Moreover, while I could always find ideas to enrich the course, on very few occasions did I come across teachers asking about how differentiation and language accommodation was done in TOK classes. At some point I even thought this was never addressed.
Thus, as I reflect on what worked and what did not work these last two years, I thought it’d be a good idea to share a few strategies that have worked for my EAL learners.
10 strategies to support EAL learners in IB DP TOK
1. Shelter learning in your classes. If you teach EAL students who join your DP program from traditional local schools, be aware that they may have the knowledge to discuss resources, but they may not know terminology in English. So why not helping them to enrich their jargon by encouraging to keep a practical dictionary.
2. Devise systems to support students to take notes or analyze resources. This normally works best when one really knows how students learn. A brief discussion with students about the way they learn can give us hints on the tools we can design or help them generate to support their learning.
3. Make your walls teach. If you are a lucky teacher who teaches TOK in his/her own classroom, make sure you use your walls to capture ideas for everyone to see how meaning is being co-constructed.
Students making their thinking visible.
4. Curate your resources. Choose resources that encourage students to access what they have learned in IB DP and in their life as students in and outside the classroom. Many resources can certainly be provocative and insightful, but they may also represent an added challenge to EAL learners.
5. Design resources that teach learners about language. Signal constructions whose word order students need to pay attention to; highlight ideas that include tense or sentence structure that has a special sense and may be challenging to understand. Draw students’ attention to words worth incorporating into their active language.
6. Be aware of your approaches to teaching. Train learners to work with the resources you use in class. Never assume that all learners can access them because you can. Predict language aspects in your tasks and support students with information about the language of instruction. Here is an example about stating facts in past, in English.
7. Use the language you want EAL to master. Use all relevant vocabulary items in relevant exchanges in order for EAL students to be able to see how they are effectively and accurately used. Present them with patterns (sentence stems) they can use to construct their ideas.
Examples from a history class.
8. Train learners to answer questions depending on the questions’ intention and goal. Look at the following example with ‘inference and prediction’ as a goal.
Here is an example with ‘inference and prediction’ as a goal.
Taken from Linguistic Processing Skills ELPS Instructional Tools (2012)
9. Gamify your lessons. Use games that allow them to manipulate vocabulary and structures while still carrying out relevant TOK tasks.
10. Provide them with patterns and guided help. Engaging students in understanding text structures, cohesion, how ideas connect and support one another is best done with a text that is not intimidating and allows them to focus on learning and understanding the how (how ideas are written and linked) rather than on the what (comprehending difficult language.)

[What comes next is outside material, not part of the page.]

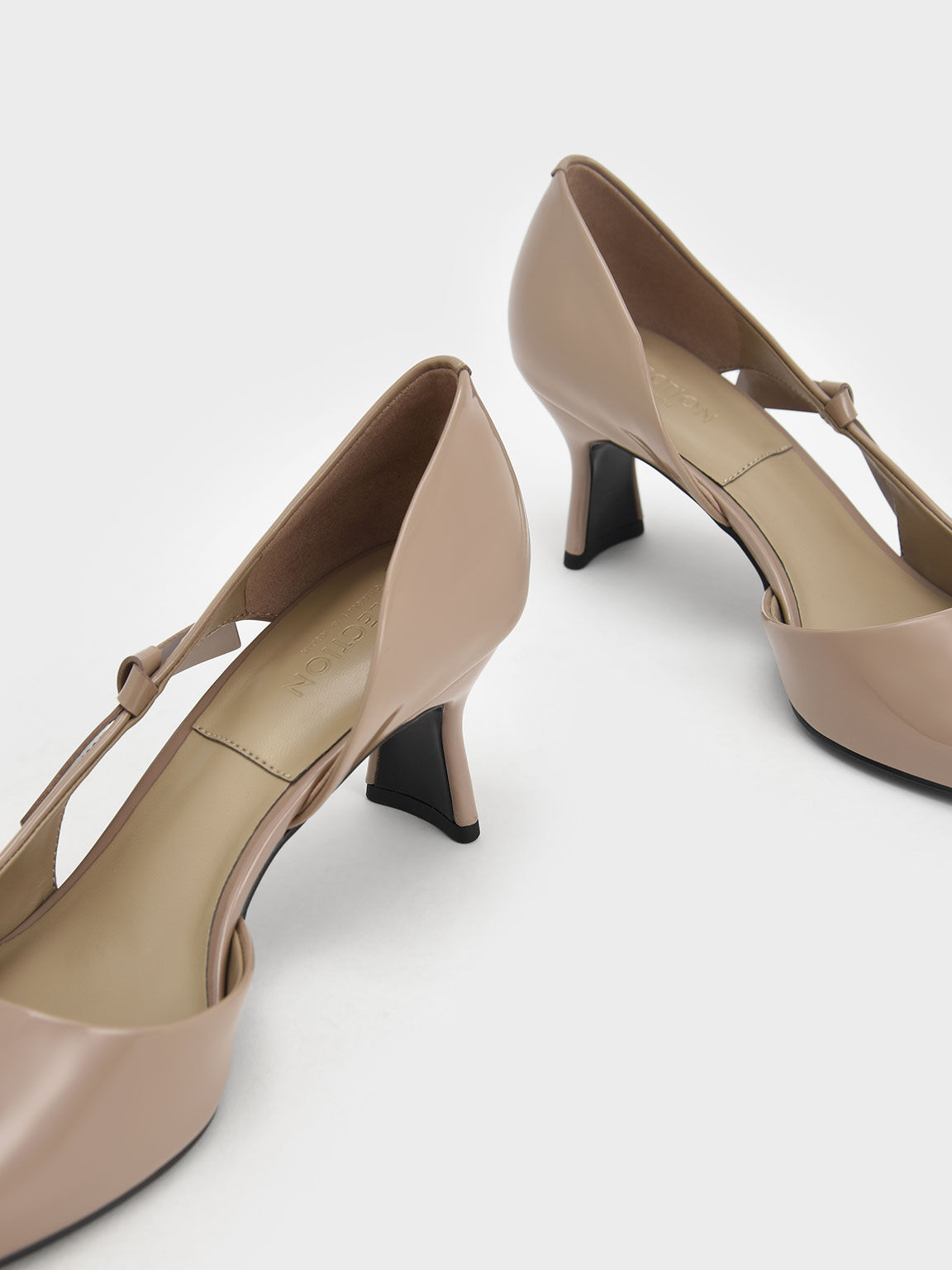 Sepatu Pumps D'Orsay Half Bow-Tie  Patent Leather, Taupe, hi-res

Many teachers may claim that this work is part of the EAL / language support teachers; but I (a language teacher) would claim that by including this learning layers in TOK classes, teachers would really be using language a way of knowing and doing. Moreover, what a best way to demonstrate the attributes of the IB LP by being caring and acknowledge and support EAL efforts to access a subject as complex and abstract as TOK. Besides, and to conclude, this is how we demonstrate with action that we are all language teachers.